対して2049の前作、2019年のブレードランナー世界に影響を受けているはずの攻殻機動隊=2501の世界では人間自身が電脳化、義体化を導入し、一代限りのかたちではあるが身体を拡張することで、生身の人間がなしえなかった3K仕事をこなして世界を変えていく。また、2501の世界ではアンドロイドやAIに人間の魂=ゴーストを上書きすることは禁じられている。機械はあくまで機械。だが、押井守が『機動警察パトレイバー THE MOVIE』で遊馬と野明に言わせているような「使う者の知恵と勇気」が、人間に似てもいないAI・タチコマに「性格」らしきものを芽生えさせたりもする。


この世界観の根差すところについて、わたしのアタマですぐに思いつくのは宗教観だった。
2049の世界では神が造った人間は魂あるものとして扱われるが、人間が作ったレプリカントは家畜と同じ扱い、よくて待遇のいい黒人奴隷だ。そこには旧約聖書に書かれた神と、神がデザインした人間、神が人間のために造った世界という秩序が保たれている。
それに比べると2501の世界では、人間は神が造った姿のままに留まらない。義体化してみたり電脳化してみたり、人間型どころか箱に手足のついたジェイムスン型義体に好き好んで移植されてみたり、さらには義体と電脳からも遊離してネット上を漂う意識体(キリスト教的に考えれば、これはもはや天使の領域である。実際、映画ではそのような描写がある)になってみたり。

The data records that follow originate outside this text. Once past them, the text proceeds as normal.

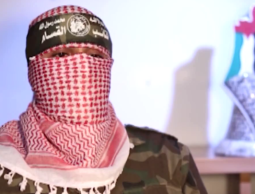 أبو عبيدة المتحدث باسم القسام خلال شريط فيديو مسجل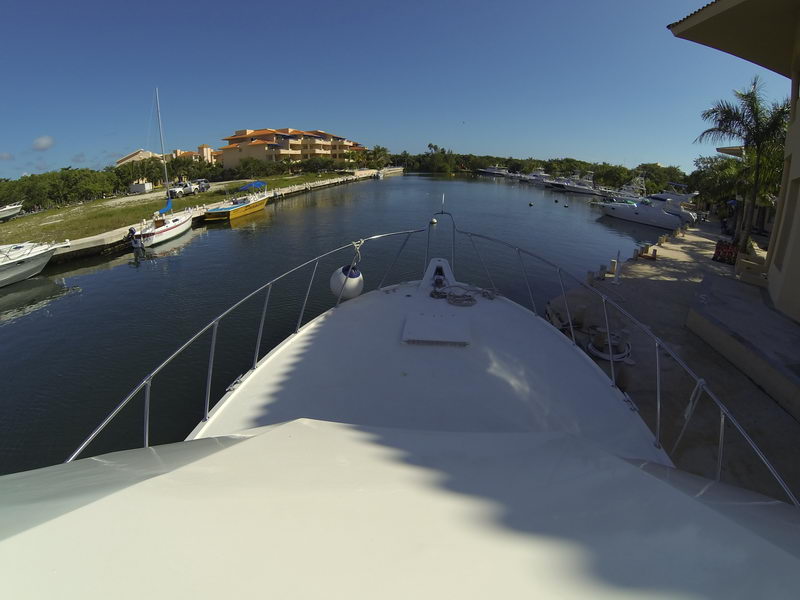 Hatteras 45 ft deep-sea fishing and snorkeling yacht Puerto Aventuras marina Riviera Maya Caribbean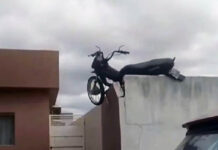 Motocicleta é flagrada em cima do muro da Delegacia de Cabrobó e surpreende moradores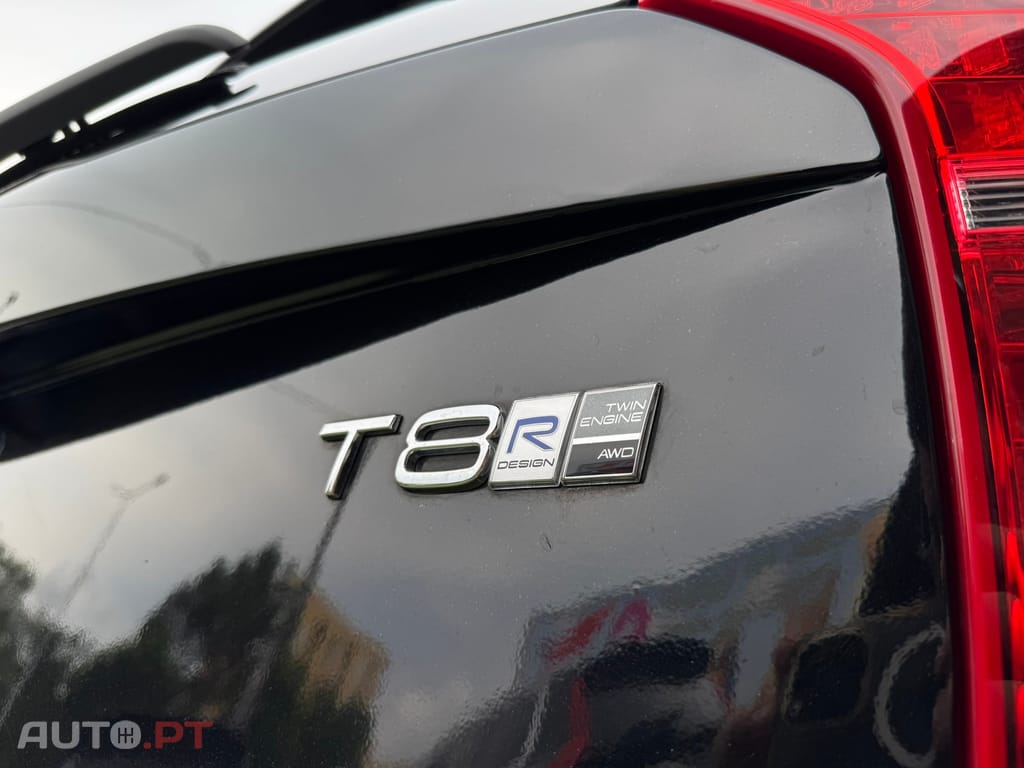 Volvo XC90 2.0 T8 PHEV R-Design AWD
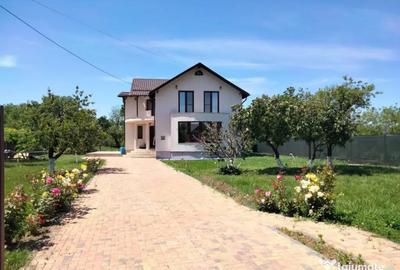 Casă cu 5 camere cu Teren 2200 Mp în Central - 17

「GHOST IN THE SHELL 攻殻機動隊」予告編 YouTube2


仏教では、キリスト教の神のように、倫理規範を司る存在が人間の外部に存在するとは考えない。すべての生物が仏性、つまり完全な人格者としての仏陀になれる可能性を宿していると考える。また、すべての事象は「空」であり、人間存在の物理的な様態を含め、本体や実態はこれだ、と定めることには意味がない、と考える。2501の世界はこうした、仏教的な世界観に根差しているように思える。押井守が作中で聖書を引用しているにもかかわらず、だ。
ただ2501の世界でも、身体と脳から自由になって、一見すると形の上では解脱はしているのに、『GHOST IN THE SHELL  攻殻機動隊』の続編『イノセンス』を見ると、人間の煩悩は消滅せず「成仏」できていないのがおもしろい。人間は、いったいどこまで迷える人間なのだろう。